Open Nuullll opened this issue 3 months ago • 3 comments

The atomic tests were incorrectly casting cl_uint values directly to cl_half types using simple C-style casts, which doesn't properly handle half-precision floating-point conversion.

This caused incorrect bit patterns when using atomic operations with half types, as the cast would truncate the integer rather than convert it to the proper IEEE 754 half-precision format.

Fixed by:

  • Adding ConvertToHostDataType() helper function that uses cl_half_from_float() for TYPE_ATOMIC_HALF conversion
  • Updating all atomic store/exchange operations in CBasicTestStore, CBasicTestLoad, and CBasicTestExchange to use the proper conversion

This ensures atomic operations with cl_half types use correct half-precision bit patterns rather than truncated integer values.

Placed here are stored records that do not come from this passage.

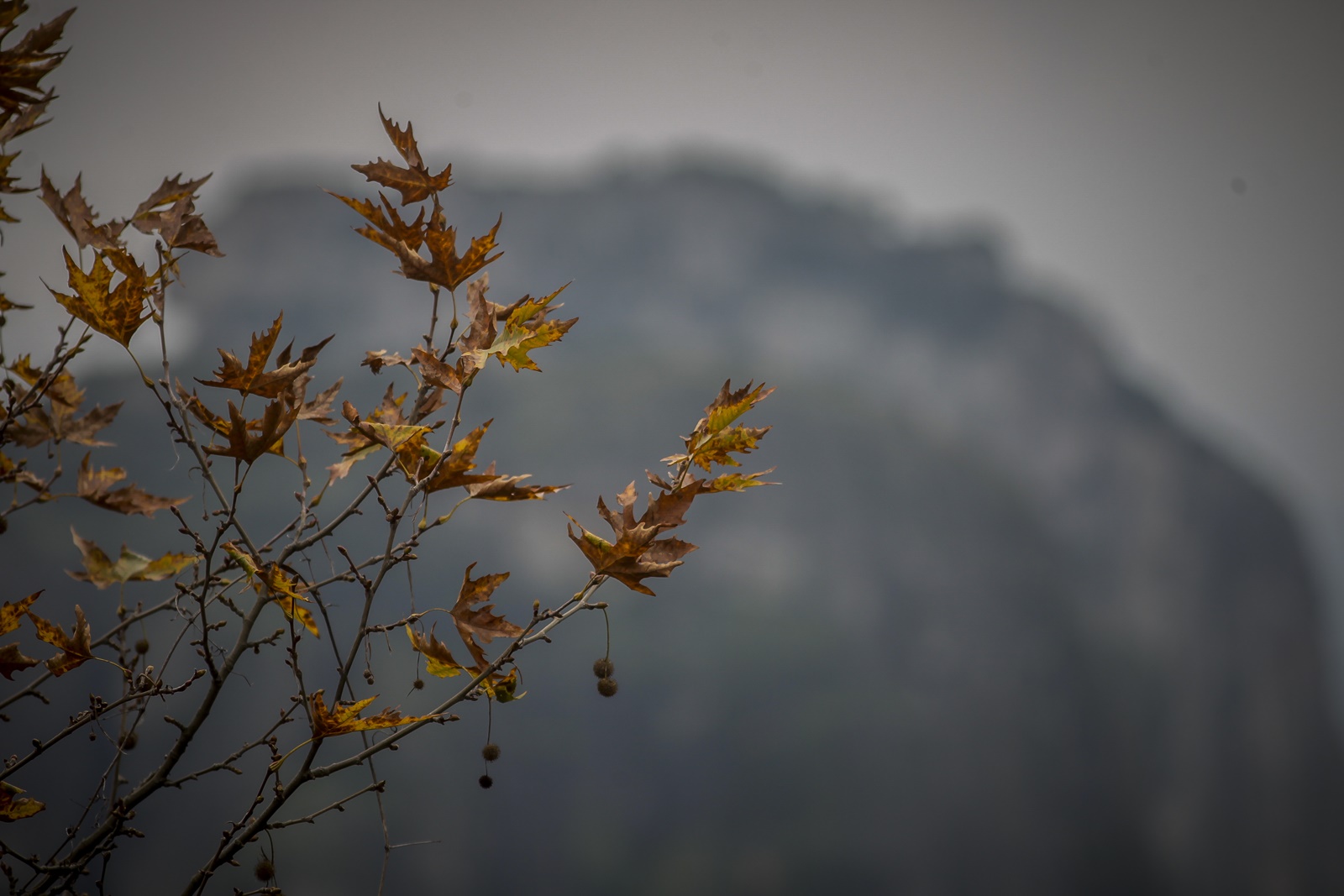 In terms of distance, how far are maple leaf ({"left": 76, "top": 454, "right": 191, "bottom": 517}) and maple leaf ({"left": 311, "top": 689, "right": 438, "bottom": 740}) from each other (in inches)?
15.2

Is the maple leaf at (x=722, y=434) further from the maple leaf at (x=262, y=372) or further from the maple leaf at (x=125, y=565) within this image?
the maple leaf at (x=125, y=565)

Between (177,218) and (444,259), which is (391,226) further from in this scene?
(177,218)

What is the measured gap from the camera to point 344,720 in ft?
2.93

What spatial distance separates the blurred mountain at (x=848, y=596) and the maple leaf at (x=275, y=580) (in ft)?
71.0

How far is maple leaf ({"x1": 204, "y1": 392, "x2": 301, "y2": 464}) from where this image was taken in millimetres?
865

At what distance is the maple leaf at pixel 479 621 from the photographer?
3.12 ft

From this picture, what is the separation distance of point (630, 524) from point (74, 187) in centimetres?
87

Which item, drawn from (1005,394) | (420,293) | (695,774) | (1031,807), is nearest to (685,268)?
(420,293)

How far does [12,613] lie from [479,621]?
0.61 m

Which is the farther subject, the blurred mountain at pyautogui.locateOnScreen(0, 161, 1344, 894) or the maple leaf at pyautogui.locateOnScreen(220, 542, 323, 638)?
the blurred mountain at pyautogui.locateOnScreen(0, 161, 1344, 894)

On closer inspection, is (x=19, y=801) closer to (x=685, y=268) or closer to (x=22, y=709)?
(x=22, y=709)

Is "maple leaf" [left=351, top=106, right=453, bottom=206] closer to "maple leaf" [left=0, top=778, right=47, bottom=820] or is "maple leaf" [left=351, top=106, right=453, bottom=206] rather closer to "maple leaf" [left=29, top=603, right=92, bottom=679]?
"maple leaf" [left=29, top=603, right=92, bottom=679]

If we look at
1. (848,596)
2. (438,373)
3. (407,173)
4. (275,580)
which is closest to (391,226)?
(407,173)

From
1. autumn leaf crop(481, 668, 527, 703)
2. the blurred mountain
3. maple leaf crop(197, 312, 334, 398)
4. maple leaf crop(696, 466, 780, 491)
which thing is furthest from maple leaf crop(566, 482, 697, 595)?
the blurred mountain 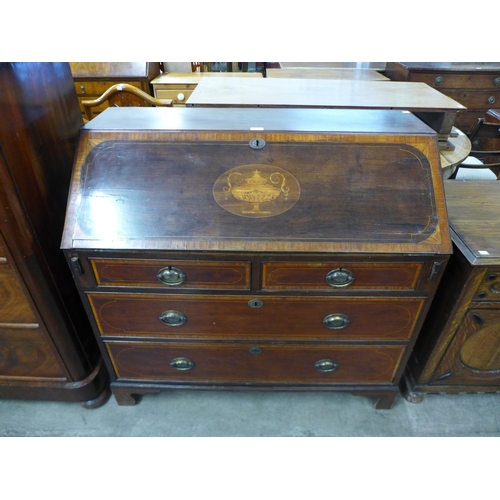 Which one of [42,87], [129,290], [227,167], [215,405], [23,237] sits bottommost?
[215,405]

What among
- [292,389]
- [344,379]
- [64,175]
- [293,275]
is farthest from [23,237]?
[344,379]

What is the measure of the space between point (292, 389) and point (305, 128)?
1077 mm

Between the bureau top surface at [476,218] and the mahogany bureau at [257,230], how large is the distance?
0.65ft

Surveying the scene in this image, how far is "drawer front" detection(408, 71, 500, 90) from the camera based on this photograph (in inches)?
126

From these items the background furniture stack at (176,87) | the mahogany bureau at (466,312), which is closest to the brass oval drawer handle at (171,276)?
the mahogany bureau at (466,312)

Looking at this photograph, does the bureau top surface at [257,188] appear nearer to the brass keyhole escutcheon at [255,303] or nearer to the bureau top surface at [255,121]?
the bureau top surface at [255,121]

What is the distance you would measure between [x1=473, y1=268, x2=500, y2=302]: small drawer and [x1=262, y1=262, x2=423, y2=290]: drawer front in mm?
281

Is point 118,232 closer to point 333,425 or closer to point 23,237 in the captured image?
point 23,237

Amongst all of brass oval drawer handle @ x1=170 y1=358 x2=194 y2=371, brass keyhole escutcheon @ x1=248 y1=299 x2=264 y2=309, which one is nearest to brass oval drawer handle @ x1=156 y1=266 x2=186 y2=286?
brass keyhole escutcheon @ x1=248 y1=299 x2=264 y2=309

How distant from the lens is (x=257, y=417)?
61.1 inches

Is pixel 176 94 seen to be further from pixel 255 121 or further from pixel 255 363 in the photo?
pixel 255 363

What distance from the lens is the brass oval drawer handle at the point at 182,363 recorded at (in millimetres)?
1396

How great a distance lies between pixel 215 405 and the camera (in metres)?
1.60

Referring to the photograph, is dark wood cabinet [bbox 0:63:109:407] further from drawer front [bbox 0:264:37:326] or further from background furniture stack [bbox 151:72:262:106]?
background furniture stack [bbox 151:72:262:106] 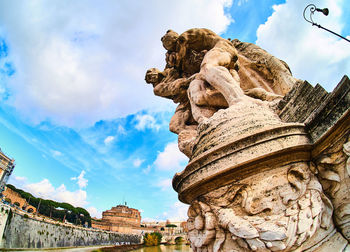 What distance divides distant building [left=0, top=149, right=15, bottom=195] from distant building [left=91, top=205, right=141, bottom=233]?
26.7m

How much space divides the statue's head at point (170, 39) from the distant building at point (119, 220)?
5107 cm

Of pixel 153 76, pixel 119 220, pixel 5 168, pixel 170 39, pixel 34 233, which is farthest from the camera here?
pixel 119 220

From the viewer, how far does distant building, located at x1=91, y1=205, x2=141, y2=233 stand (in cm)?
4853

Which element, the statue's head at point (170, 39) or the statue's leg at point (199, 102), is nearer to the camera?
the statue's leg at point (199, 102)

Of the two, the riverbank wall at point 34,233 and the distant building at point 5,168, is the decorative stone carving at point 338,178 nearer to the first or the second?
the riverbank wall at point 34,233

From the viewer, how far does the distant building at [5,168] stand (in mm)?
25917

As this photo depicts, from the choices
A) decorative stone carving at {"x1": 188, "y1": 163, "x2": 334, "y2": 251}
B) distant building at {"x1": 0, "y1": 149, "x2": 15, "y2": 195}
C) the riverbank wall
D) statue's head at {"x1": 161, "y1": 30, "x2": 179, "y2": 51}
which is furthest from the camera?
distant building at {"x1": 0, "y1": 149, "x2": 15, "y2": 195}

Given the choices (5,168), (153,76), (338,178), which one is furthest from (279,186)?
(5,168)

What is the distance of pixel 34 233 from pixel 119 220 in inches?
1416

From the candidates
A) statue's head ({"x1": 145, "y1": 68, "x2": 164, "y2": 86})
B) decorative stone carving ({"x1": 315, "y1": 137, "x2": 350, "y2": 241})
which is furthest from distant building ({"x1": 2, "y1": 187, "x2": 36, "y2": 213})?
decorative stone carving ({"x1": 315, "y1": 137, "x2": 350, "y2": 241})

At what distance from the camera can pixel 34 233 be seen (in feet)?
56.2

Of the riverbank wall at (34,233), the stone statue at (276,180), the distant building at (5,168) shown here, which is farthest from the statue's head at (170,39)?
the distant building at (5,168)

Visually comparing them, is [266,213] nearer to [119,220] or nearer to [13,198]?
[13,198]

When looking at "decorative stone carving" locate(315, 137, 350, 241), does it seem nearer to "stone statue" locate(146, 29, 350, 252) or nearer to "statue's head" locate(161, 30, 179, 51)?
"stone statue" locate(146, 29, 350, 252) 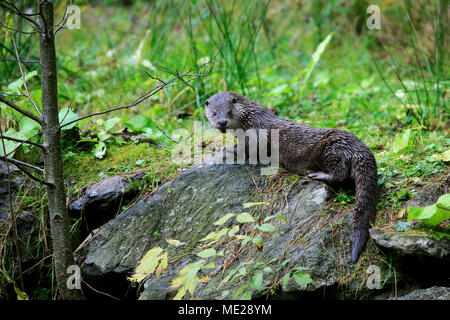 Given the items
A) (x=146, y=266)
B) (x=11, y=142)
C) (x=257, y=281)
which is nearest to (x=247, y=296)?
(x=257, y=281)

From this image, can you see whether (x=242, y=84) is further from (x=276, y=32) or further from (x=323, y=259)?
(x=276, y=32)

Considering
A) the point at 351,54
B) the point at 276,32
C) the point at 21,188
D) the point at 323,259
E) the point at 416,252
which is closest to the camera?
the point at 416,252

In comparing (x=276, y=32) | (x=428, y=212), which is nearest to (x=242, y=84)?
(x=428, y=212)

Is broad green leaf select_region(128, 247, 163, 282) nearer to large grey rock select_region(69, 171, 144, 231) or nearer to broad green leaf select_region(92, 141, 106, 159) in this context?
large grey rock select_region(69, 171, 144, 231)

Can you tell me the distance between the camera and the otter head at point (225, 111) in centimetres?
326

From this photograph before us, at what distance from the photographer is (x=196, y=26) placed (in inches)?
259

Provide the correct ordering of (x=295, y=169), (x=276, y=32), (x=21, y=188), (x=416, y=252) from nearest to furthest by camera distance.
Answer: (x=416, y=252) → (x=295, y=169) → (x=21, y=188) → (x=276, y=32)

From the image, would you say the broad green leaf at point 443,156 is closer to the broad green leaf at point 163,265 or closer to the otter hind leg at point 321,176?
the otter hind leg at point 321,176

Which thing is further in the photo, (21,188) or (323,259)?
(21,188)

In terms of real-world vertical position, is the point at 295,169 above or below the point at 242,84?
below

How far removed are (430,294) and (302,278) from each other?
61 cm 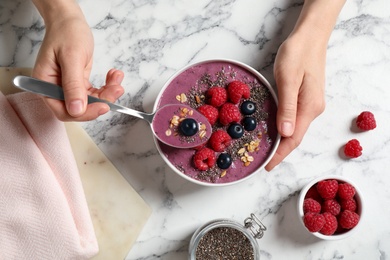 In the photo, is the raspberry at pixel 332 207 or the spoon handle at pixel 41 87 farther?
the raspberry at pixel 332 207

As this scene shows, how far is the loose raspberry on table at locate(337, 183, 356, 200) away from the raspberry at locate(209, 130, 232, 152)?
0.31 metres

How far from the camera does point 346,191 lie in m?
1.23

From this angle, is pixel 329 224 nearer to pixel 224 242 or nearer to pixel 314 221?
pixel 314 221

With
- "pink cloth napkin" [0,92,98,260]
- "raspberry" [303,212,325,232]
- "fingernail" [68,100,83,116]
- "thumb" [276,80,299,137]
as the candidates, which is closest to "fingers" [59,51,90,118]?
"fingernail" [68,100,83,116]

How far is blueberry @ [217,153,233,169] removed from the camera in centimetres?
113

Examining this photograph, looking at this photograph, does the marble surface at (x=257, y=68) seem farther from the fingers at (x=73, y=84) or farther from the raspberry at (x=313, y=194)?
the fingers at (x=73, y=84)

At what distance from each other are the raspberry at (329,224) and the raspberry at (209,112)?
1.17ft

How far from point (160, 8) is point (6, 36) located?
39cm

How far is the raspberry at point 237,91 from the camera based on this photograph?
44.4 inches

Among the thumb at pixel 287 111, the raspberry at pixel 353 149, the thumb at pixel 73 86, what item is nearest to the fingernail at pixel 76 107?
the thumb at pixel 73 86

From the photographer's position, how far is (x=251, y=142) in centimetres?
115

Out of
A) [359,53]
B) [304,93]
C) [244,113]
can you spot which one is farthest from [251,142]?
[359,53]

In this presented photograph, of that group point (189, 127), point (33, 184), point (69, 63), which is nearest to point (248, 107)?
point (189, 127)

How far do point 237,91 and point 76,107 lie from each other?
35 cm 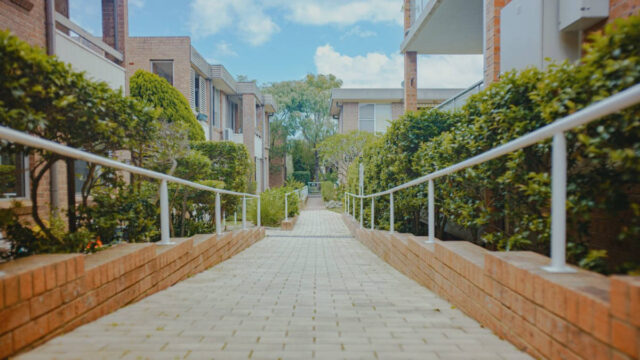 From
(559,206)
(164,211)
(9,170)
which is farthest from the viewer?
(164,211)

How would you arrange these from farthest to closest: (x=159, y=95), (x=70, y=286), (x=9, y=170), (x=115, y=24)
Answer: (x=159, y=95)
(x=115, y=24)
(x=9, y=170)
(x=70, y=286)

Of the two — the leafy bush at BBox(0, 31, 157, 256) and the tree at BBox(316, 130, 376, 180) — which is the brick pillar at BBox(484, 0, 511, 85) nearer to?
the leafy bush at BBox(0, 31, 157, 256)

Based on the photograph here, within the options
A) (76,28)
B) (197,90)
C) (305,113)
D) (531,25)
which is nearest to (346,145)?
(197,90)

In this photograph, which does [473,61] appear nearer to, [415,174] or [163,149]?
[415,174]

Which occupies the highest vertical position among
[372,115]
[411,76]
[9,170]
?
[372,115]

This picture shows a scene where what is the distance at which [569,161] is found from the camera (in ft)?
8.93

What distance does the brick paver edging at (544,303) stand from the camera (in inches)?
56.9

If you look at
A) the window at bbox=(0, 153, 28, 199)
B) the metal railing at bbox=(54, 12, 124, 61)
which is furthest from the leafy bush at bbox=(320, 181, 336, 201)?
the window at bbox=(0, 153, 28, 199)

Nuullll avatar Aug 26 '25 08:08 Nuullll

Hi, I'm having a hard time connecting the dots together. Can you please provide a test command line that I can run that demonstrates the problem? Thanks!

bashbaug avatar Sep 16 '25 20:09 bashbaug

Hi, I'm having a hard time connecting the dots together. Can you please provide a test command line that I can run that demonstrates the problem? Thanks!

Sorry for the late response - I was distracted by other work.

The issue can be reproduced by running:

./OpenCL-CTS/build/test_conformance/c11_atomics/test_c11_atomics svm_atomic_store

with Intel OpenCL CPU implementation (which has fp16 support enabled).

Root cause

In the OpenCL kernel:

#pragma OPENCL EXTENSION cl_khr_fp16 : enable
__kernel void test_atomic_kernel(uint threadCount, uint numDestItems, volatile __global atomic_half *destMemory, __global half *oldValues)
{
  uint  tid = get_global_id(0);
  atomic_store_explicit(&destMemory[tid], tid, memory_order_relaxed, memory_scope_all_devices);
}

When uint tid is stored as a half value, the OpenCL device properly converts the integer to IEEE 754 half-precision floating point format. However, in the host reference code, the original implementation simply cast cl_uint directly to cl_half:

host_atomic_store(&destMemory[tid], (HostDataType)tid, MemoryOrder());

cl_half is defined as uint16_t in OpenCL Header, a direct cast from cl_uint to cl_half just truncates the integer bits, rather than performing proper float-to-half conversion.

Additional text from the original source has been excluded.